We talk about the Real Presence (notice the capitals!) of the Holy Eucharist. I remember a professor in the seminary challenging us by saying: does that mean that when I pray in the silence of my room, Jesus is not really present? The varied stages and levels of human presence are magnified when we consider the Divine Presence. We must consider this category of Presence since Jesus was both wholly God and wholly man.

God is first of all present in His Immensity. By that I mean: nothing would exist without God being present. So God is all around us and in us and in every atom of our body and soul. But He is also distinct from creation. To identify creation and God is the heresy of pantheism.

Jesus is present in this sense too, since He is the second person of the Blessed Trinity. So Jesus is present to us when, in the middle of the night, we turn to Him in prayer.

He is also present in all the Sacraments, since He is the true minister and giver of all the Sacraments. In Confession, Jesus forgives. In the Anointing of the Sick, Jesus heals. In Marriage, Jesus unites husband and wife.

But in the Holy Eucharist, something truly amazing happens. The Almighty uses the medium of food to make His presence physically real. While through the immensity of His Divinity Jesus is present everywhere, in the Eucharist He is present both in His divinity and in His humanity. The Eucharistic Presence of Christ is the closest one can come to the historical Jesus.

Even in this there are gradations, or better, intensifications of His Presence. The Church posits a difference between praying and adoring Him while the Eucharist is in the Tabernacle, and adoring Him when, in Exposition, the Eucharist is placed in a Monstrance (the word literally means ‘showing’). What is the difference? There is simply a further intensification of His Presence.

But that is not the end of this wondrous Sacrament and of the Sacrament’s intensification! As we process to the Altar at Mass to receive Communion, we make an act of Faith by saying ‘Amen’. Then Jesus Christ, Son of God and Son of Mary, enters not just our souls but also our bodies.

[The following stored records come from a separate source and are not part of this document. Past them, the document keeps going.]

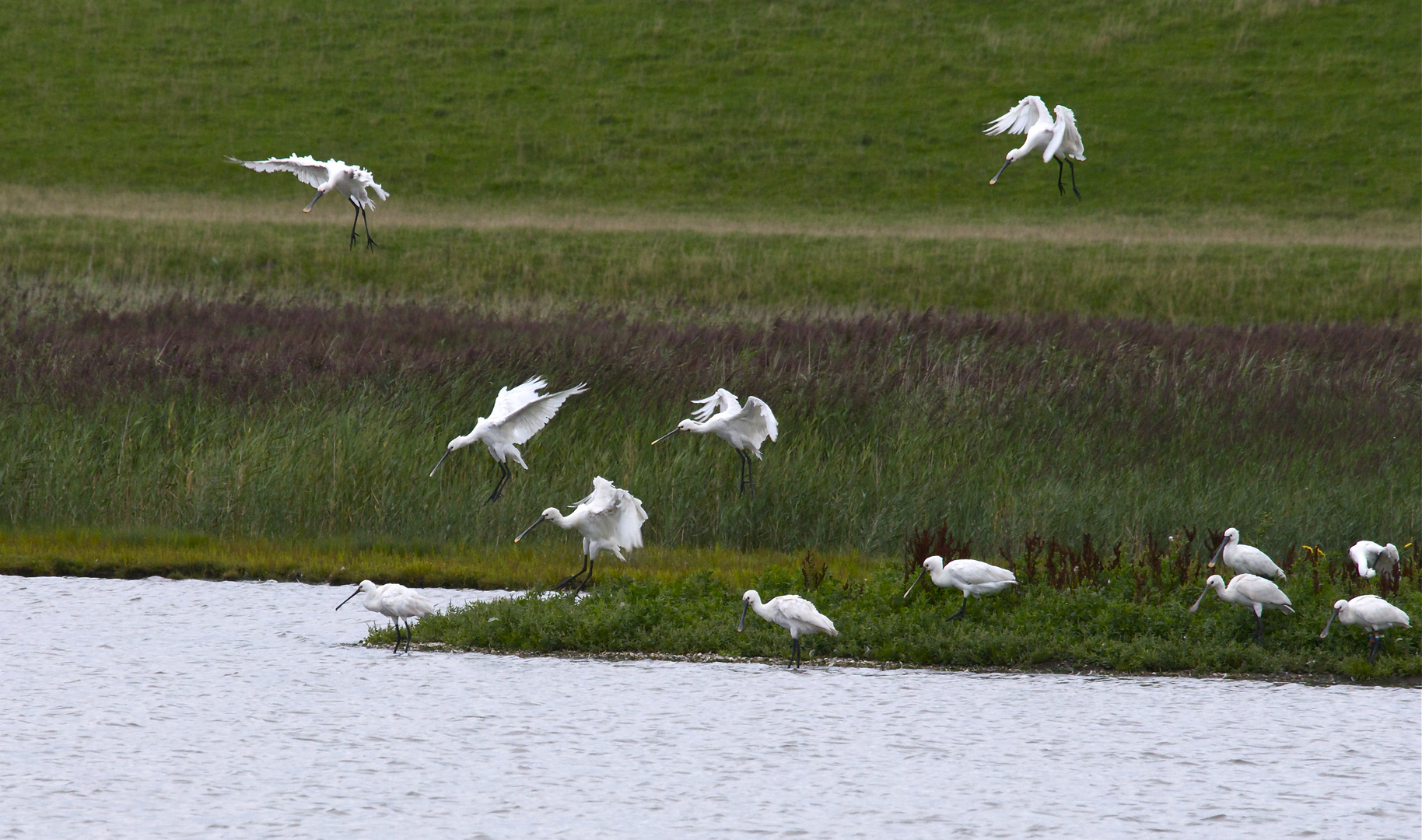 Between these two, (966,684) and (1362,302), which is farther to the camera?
(1362,302)

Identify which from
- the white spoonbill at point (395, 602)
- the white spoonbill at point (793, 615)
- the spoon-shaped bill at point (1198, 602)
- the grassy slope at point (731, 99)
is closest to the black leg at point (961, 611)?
the white spoonbill at point (793, 615)

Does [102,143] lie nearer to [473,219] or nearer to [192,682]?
[473,219]

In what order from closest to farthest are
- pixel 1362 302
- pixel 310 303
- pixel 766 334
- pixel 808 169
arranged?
1. pixel 766 334
2. pixel 310 303
3. pixel 1362 302
4. pixel 808 169

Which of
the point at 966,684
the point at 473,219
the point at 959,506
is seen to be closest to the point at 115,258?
the point at 473,219

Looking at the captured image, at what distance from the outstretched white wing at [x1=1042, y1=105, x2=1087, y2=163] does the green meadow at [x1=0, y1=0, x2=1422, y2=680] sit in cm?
266

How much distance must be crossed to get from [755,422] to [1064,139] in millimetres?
3100

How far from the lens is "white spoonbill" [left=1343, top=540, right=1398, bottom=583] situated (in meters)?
10.9

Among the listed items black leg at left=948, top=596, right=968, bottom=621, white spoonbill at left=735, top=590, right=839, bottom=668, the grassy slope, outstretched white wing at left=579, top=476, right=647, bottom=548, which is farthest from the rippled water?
the grassy slope

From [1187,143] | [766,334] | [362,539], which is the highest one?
[1187,143]

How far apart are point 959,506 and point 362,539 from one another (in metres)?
4.87

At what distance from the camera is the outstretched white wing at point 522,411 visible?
37.3 feet

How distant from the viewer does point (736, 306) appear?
2675 cm

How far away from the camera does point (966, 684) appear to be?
980cm

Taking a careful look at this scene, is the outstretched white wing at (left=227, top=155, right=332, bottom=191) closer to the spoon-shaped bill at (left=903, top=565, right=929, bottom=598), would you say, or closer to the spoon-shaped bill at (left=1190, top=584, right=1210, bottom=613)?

Even more intimately than the marriage bond, the Eucharistic bond unites us to Jesus completely Body and Soul, Humanity and Divinity. We are consumed by Him whom we consume!

This gradual intensification of Presence is a process that can only be approached by pure faith.

Now, this doctrine has had significant trouble throughout its history. Even while Jesus walked the earth before the glorification of the Resurrection and the Ascension, people could not accept the Real Presence of Jesus Himself in the Eucharist. Many of His own followers left Him as related in the sixth chapter of The Gospel of John. So many abandoned Him that He was left only with his closest friends: the 12 Apostles. Sadly, He looked at this meager remnant and asked: Will you leave me also? To which sturdy Peter responded: To Whom shall we go? You have the words of Eternal Life.

But it did not stop there. More recently in Christian history, many Protestant churches rejected this doctrine. They considered the Eucharist as merely a sign or a symbol. The great Catholic story teller Flannery O’Connor, when confronted by a group of lapsed Catholics who called the Eucharist merely a ‘sign’ of Christ’s presence, humorously voiced her chagrin with the remark: “Well, if it’s only a sign, to hell with it!” She was firmly grounded in Catholic teaching and would have nothing to do with watering down what Jesus clearly meant.

Without doubt, it is a doctrine of the faith that is very difficult to believe. But that does not mean it is not true. All of our faith is replete with mysteries difficult to believe: Three persons in One God; Jesus fully human and fully divine; Mary, Virgin and Mother. Christianity is not a religion that could ever be invented by human beings. It defies logic. But for those open to these realities, it makes deep mystical sense which is hard to explain to someone closed to the faith.

The Presence of Christ in our world is on many levels at once, and way beyond our powers of perception and understanding. The Cosmic Christ is omnipresent and yet deeply here and now with me at Mass and in Communion. It seems too good to be true. But it is. And that is the Good News!